The Argive generals under Epitêles joined Epaminondas for their late meal of garlic, dried apples, and, for the Dorians, some salted goat. As they parleyed, Ainias went out among the company commanders. “Women must cook. Make shelters as the men cut and drag the stone down the hill. We hear there are a thousand oxen and as many horse. I see they have wagons and rollers, all hidden away on the mountains and already coming down.” The more Epaminondas noted the organization, the food, the quiet here, the more he puzzled how the man-foots had routed the Spartans and made themselves so ready to start to build. He turned to Pelopidas. “This is all the work of Alkidamas. For a sophist he seems to know something about stone. He plans to drag and roll the blocks down from the quarries, right up to the walls. Our Proxenos figured that we could cut our rock on Ithômê and have the downhill walls up in three months and be home before the grain heads droop.”
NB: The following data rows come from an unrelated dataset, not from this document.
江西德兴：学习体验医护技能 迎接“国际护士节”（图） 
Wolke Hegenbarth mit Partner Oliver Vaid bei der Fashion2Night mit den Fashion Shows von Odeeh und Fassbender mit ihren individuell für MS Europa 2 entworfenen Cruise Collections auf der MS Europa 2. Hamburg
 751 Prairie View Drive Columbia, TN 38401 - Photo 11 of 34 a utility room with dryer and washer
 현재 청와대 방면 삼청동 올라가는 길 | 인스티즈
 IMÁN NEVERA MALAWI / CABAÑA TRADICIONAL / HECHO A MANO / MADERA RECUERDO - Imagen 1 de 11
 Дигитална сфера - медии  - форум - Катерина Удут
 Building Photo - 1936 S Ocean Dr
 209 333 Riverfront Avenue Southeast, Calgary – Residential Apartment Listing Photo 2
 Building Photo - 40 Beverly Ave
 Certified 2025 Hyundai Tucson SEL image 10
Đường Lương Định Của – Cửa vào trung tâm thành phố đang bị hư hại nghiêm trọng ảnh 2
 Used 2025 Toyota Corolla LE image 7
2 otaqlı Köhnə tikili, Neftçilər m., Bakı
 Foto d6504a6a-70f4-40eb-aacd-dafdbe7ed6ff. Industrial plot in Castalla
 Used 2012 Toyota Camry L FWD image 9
Epitêles scoffed. “They’ll all loot. So we better kill the first hundred to remind the others we’re hoplites, not dancing girls. Do it the Argive way. Hang a few of ’em from that oak over there as a sign to the others. The Spartans left, and about ten thousand no-goods will come out of the shadows, wolves from the hills to butcher the sheep. They’ve been killing hoplites this year, and they won’t stop just because we’re freeing them. Whether they kill enemy Spartans, or their benefactors the Argives, they care little. Blood is blood to these waylayers. So we kill the worst of them, peace returns, and the city builds. Do it right at the very beginning and nomos, law, reigns. Else—we have another Kekyra of old, a war of everybody against everybody. Just watch. My Argives will go out tomorrow and kill the first helot they see who has a goat or pot not his own—and then a hundred more for good measure.” With that he grunted, threw on his shaggy coat, and stormed out of the tent, ordering his officers, “Help the helots who work. Kill all who won’t.”
Epaminondas let him go. “We need more brutes like that. Our Ainias counts as only one, and he needs help to bang a few heads.” Then a silence came over the meeting as all turned toward a procession of torches coming into the camp from Ithômê way. In walked priestesses, a half-dozen women in hoods, accompanied by ten or so Messenian hoplites and dancing in unison to the tune of pipes.